## What is needed:
A set of records appears below. Print them all, word for word.

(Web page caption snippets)
- Opening Delimiter -

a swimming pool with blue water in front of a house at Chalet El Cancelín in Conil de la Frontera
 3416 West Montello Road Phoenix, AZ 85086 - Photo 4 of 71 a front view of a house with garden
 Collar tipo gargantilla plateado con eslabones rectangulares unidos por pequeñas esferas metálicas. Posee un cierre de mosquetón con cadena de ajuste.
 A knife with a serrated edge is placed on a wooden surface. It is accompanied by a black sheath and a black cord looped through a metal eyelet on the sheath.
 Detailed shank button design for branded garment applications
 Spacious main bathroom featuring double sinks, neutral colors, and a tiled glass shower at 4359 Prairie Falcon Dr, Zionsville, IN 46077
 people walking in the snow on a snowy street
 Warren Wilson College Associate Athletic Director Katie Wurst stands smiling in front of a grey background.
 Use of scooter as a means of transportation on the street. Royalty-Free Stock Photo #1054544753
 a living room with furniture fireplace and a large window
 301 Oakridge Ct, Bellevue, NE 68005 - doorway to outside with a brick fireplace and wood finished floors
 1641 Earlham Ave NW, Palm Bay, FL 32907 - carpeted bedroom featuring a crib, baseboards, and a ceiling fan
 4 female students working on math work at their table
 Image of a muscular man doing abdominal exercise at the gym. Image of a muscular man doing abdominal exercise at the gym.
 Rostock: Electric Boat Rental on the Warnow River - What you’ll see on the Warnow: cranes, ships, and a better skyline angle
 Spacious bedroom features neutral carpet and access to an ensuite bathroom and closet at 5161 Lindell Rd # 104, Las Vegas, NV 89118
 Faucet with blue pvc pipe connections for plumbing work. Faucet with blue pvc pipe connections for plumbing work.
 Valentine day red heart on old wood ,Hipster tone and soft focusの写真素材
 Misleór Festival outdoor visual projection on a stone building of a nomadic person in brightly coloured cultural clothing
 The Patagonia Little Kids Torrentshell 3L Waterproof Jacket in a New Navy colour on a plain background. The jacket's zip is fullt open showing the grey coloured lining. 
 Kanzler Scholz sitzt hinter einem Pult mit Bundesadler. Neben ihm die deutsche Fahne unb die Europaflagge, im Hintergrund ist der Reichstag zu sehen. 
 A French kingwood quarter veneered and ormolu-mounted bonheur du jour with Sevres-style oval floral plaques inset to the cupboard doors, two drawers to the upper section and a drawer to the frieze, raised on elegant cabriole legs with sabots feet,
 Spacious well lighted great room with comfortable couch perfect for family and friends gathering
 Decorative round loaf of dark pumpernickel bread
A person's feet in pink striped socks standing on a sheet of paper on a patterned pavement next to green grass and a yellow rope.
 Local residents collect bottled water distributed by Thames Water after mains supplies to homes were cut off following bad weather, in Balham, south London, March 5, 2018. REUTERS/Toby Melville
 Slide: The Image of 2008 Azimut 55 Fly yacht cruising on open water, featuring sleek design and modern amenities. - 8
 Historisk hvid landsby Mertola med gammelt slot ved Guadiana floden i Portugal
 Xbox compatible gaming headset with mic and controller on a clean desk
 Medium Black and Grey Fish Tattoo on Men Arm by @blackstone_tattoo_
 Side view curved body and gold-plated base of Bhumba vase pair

- Closing Delimiter -

## Exercise output:
a swimming pool with blue water in front of a house at Chalet El Cancelín in Conil de la Frontera
 3416 West Montello Road Phoenix, AZ 85086 - Photo 4 of 71 a front view of a house with garden
 Collar tipo gargantilla plateado con eslabones rectangulares unidos por pequeñas esferas metálicas. Posee un cierre de mosquetón con cadena de ajuste.
 A knife with a serrated edge is placed on a wooden surface. It is accompanied by a black sheath and a black cord looped through a metal eyelet on the sheath.
 Detailed shank button design for branded garment applications
 Spacious main bathroom featuring double sinks, neutral colors, and a tiled glass shower at 4359 Prairie Falcon Dr, Zionsville, IN 46077
 people walking in the snow on a snowy street
 Warren Wilson College Associate Athletic Director Katie Wurst stands smiling in front of a grey background.
 Use of scooter as a means of transportation on the street. Royalty-Free Stock Photo #1054544753
 a living room with furniture fireplace and a large window
 301 Oakridge Ct, Bellevue, NE 68005 - doorway to outside with a brick fireplace and wood finished floors
 1641 Earlham Ave NW, Palm Bay, FL 32907 - carpeted bedroom featuring a crib, baseboards, and a ceiling fan
 4 female students working on math work at their table
 Image of a muscular man doing abdominal exercise at the gym. Image of a muscular man doing abdominal exercise at the gym.
 Rostock: Electric Boat Rental on the Warnow River - What you’ll see on the Warnow: cranes, ships, and a better skyline angle
 Spacious bedroom features neutral carpet and access to an ensuite bathroom and closet at 5161 Lindell Rd # 104, Las Vegas, NV 89118
 Faucet with blue pvc pipe connections for plumbing work. Faucet with blue pvc pipe connections for plumbing work.
 Valentine day red heart on old wood ,Hipster tone and soft focusの写真素材
 Misleór Festival outdoor visual projection on a stone building of a nomadic person in brightly coloured cultural clothing
 The Patagonia Little Kids Torrentshell 3L Waterproof Jacket in a New Navy colour on a plain background. The jacket's zip is fullt open showing the grey coloured lining. 
 Kanzler Scholz sitzt hinter einem Pult mit Bundesadler. Neben ihm die deutsche Fahne unb die Europaflagge, im Hintergrund ist der Reichstag zu sehen. 
 A French kingwood quarter veneered and ormolu-mounted bonheur du jour with Sevres-style oval floral plaques inset to the cupboard doors, two drawers to the upper section and a drawer to the frieze, raised on elegant cabriole legs with sabots feet,
 Spacious well lighted great room with comfortable couch perfect for family and friends gathering
 Decorative round loaf of dark pumpernickel bread
A person's feet in pink striped socks standing on a sheet of paper on a patterned pavement next to green grass and a yellow rope.
 Local residents collect bottled water distributed by Thames Water after mains supplies to homes were cut off following bad weather, in Balham, south London, March 5, 2018. REUTERS/Toby Melville
 Slide: The Image of 2008 Azimut 55 Fly yacht cruising on open water, featuring sleek design and modern amenities. - 8
 Historisk hvid landsby Mertola med gammelt slot ved Guadiana floden i Portugal
 Xbox compatible gaming headset with mic and controller on a clean desk
 Medium Black and Grey Fish Tattoo on Men Arm by @blackstone_tattoo_
 Side view curved body and gold-plated base of Bhumba vase pair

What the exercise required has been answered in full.